A picture-free, exact copy of all the records below is the goal.

━━━ INFORMATION SHOWN ━━━

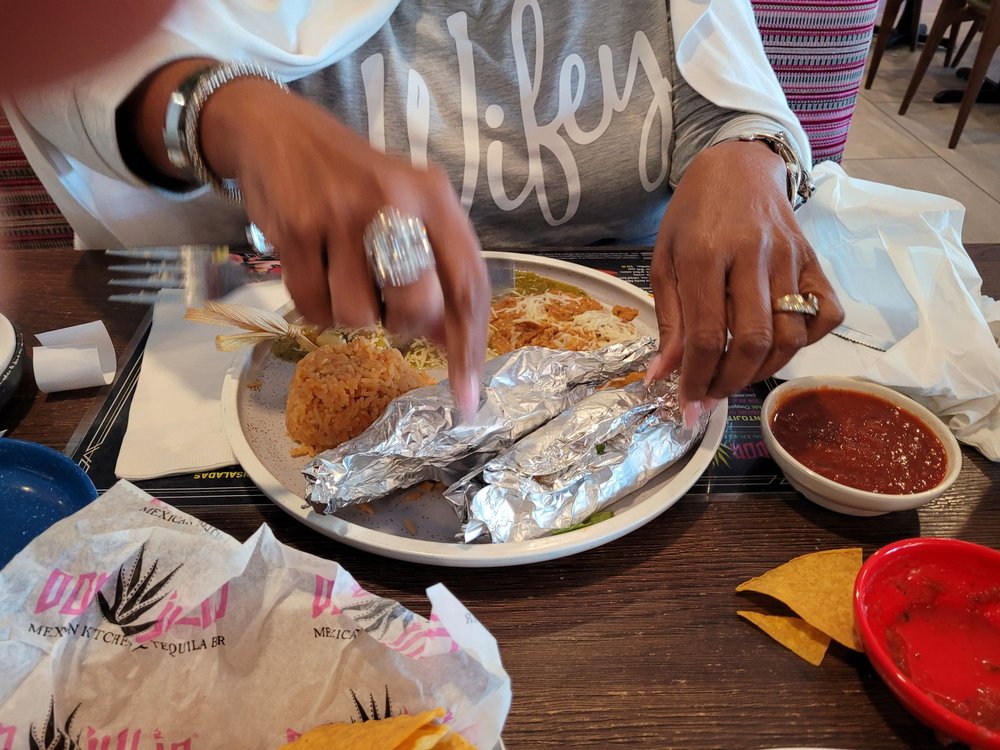 Social spots from Don Julio - Chickasaw
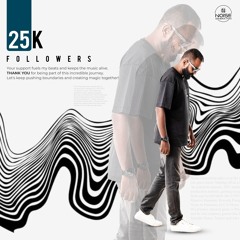 Celebration 25k Followers Beatific EP #71 Noise Generation With Mr HeRo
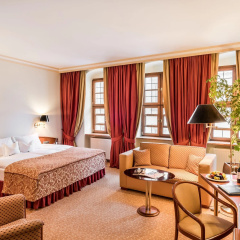 Romantik Hotel Bülow Residenz - Bild 6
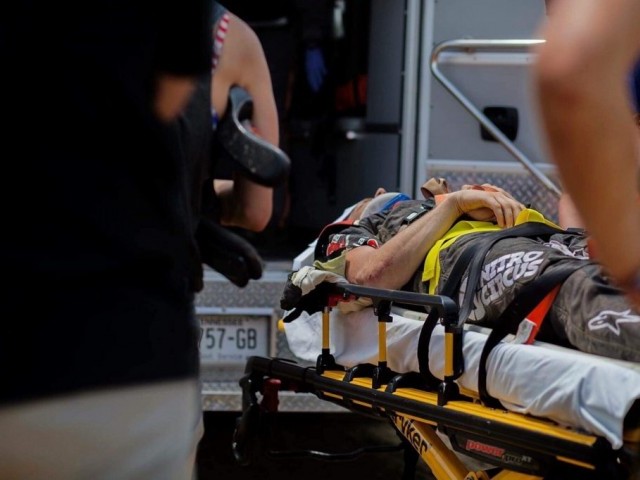 Phil Smage: Chasing 1%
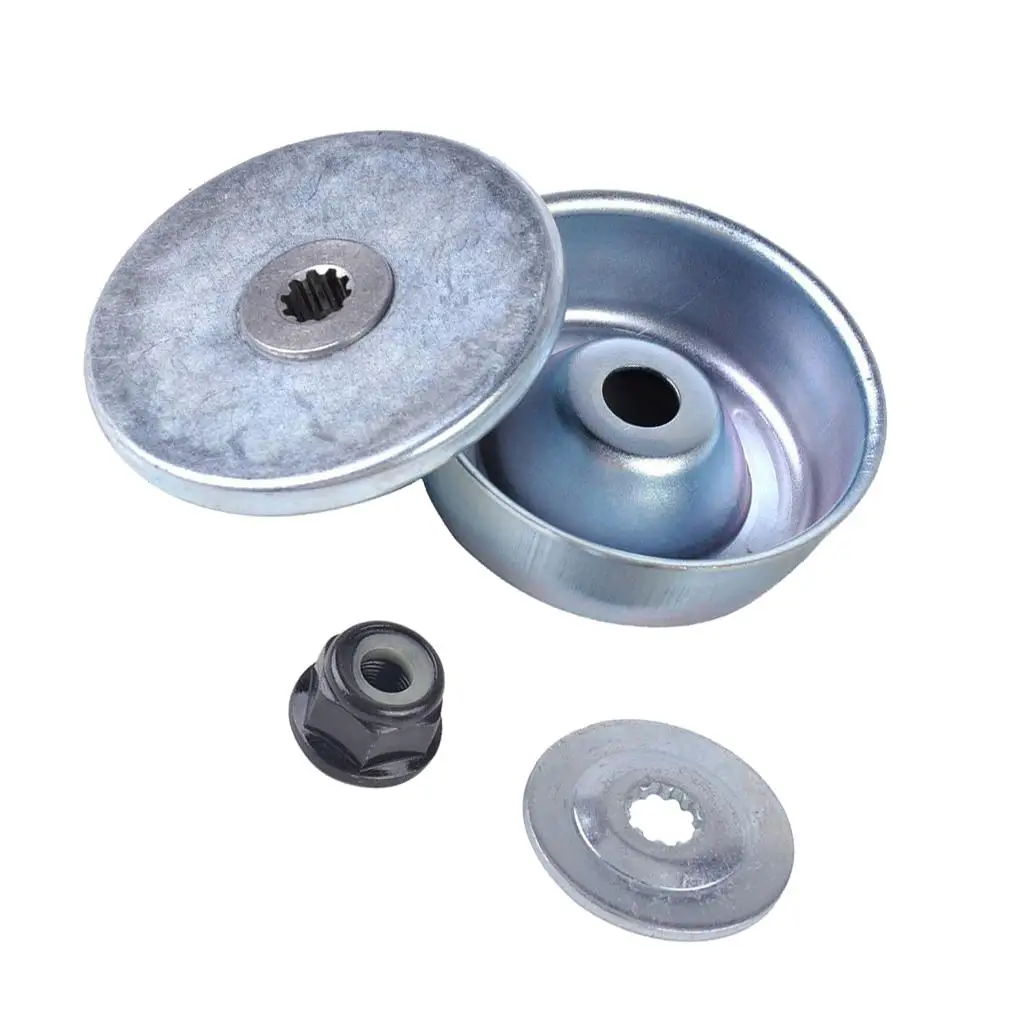 Gearbox Assembly Metal Blade Fixing Kit Gearhead Assembly for FS120 FS200 FS250 String Trimmer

━━━

*REPLY TO THE TASK*.
 Social spots from Don Julio - Chickasaw
 Celebration 25k Followers Beatific EP #71 Noise Generation With Mr HeRo
 Romantik Hotel Bülow Residenz - Bild 6
 Phil Smage: Chasing 1%
 Gearbox Assembly Metal Blade Fixing Kit Gearhead Assembly for FS120 FS200 FS250 String Trimmer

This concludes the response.